Start of INPUT DATA

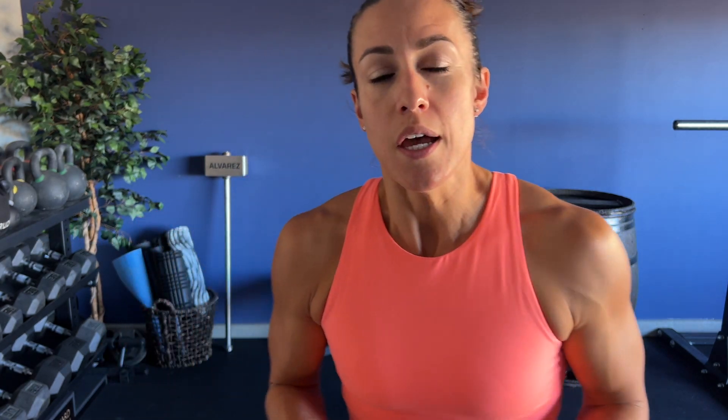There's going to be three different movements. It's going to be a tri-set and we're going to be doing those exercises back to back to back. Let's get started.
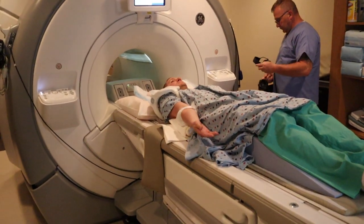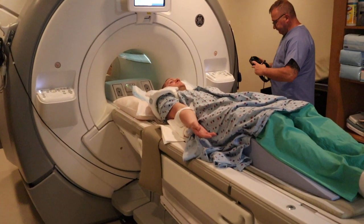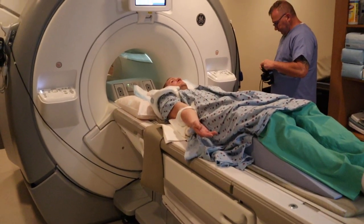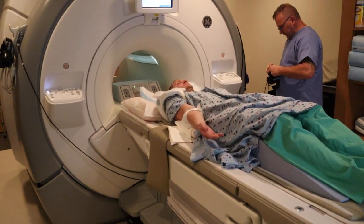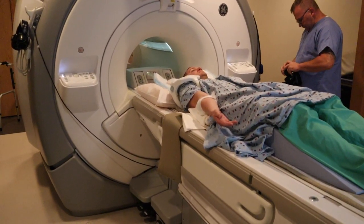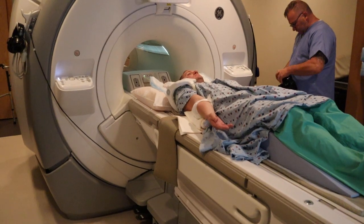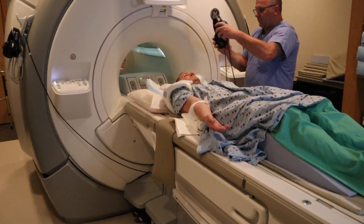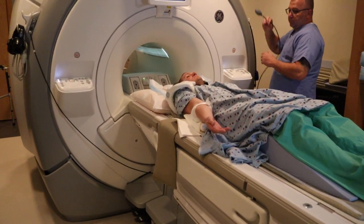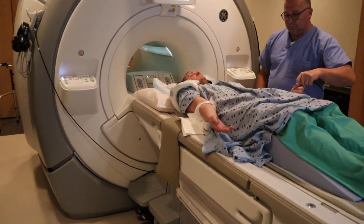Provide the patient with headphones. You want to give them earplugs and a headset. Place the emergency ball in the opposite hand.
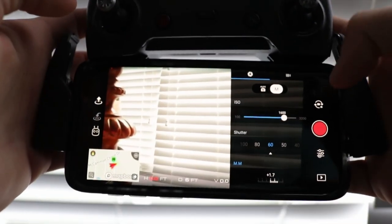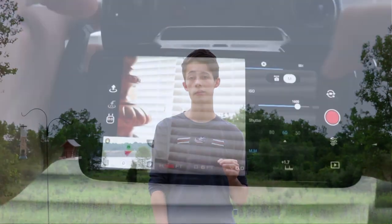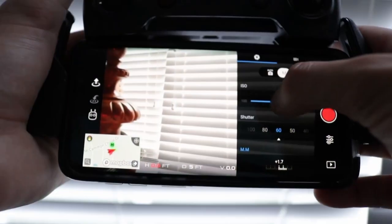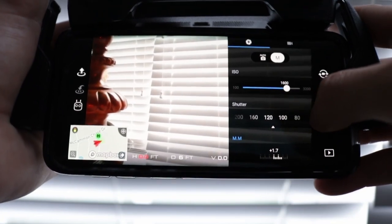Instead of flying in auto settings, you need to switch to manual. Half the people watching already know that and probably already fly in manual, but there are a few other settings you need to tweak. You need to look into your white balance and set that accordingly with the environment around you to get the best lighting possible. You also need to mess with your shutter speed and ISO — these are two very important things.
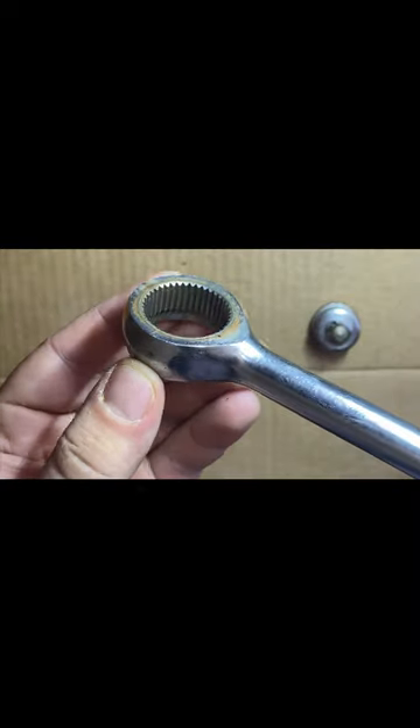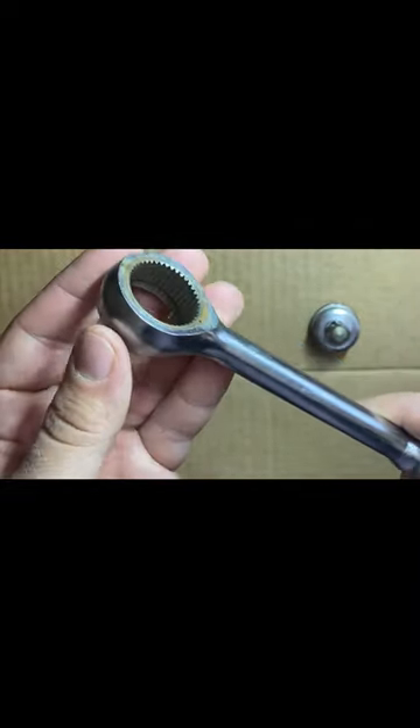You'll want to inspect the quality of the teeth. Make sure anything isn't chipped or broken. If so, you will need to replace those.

End of INPUT DATA

**WORK INSTRUCTIONS**
With every picture omitted, write out the material exactly from its first line through the line containing "Provide the patient".

**REPLY**
There's going to be three different movements. It's going to be a tri-set and we're going to be doing those exercises back to back to back. Let's get started.
Provide the patient with headphones. You want to give them earplugs and a headset. Place the emergency ball in the opposite hand.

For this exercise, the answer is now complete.